Entries provided –
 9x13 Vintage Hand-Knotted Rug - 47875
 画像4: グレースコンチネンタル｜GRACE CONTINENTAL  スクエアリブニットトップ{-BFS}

* * *

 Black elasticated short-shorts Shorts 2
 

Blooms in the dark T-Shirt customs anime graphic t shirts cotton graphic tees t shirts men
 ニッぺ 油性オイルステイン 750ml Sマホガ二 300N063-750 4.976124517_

What is needed – The required answer is the exact run of lines above starting at the line with "Black elasticated short-shorts Shorts 2" and ending at the line with "ニッぺ 油性オイルステイン 750ml", with both ends present.

Response for this exercise –
 Black elasticated short-shorts Shorts 2
 

Blooms in the dark T-Shirt customs anime graphic t shirts cotton graphic tees t shirts men
 ニッぺ 油性オイルステイン 750ml Sマホガ二 300N063-750 4.976124517_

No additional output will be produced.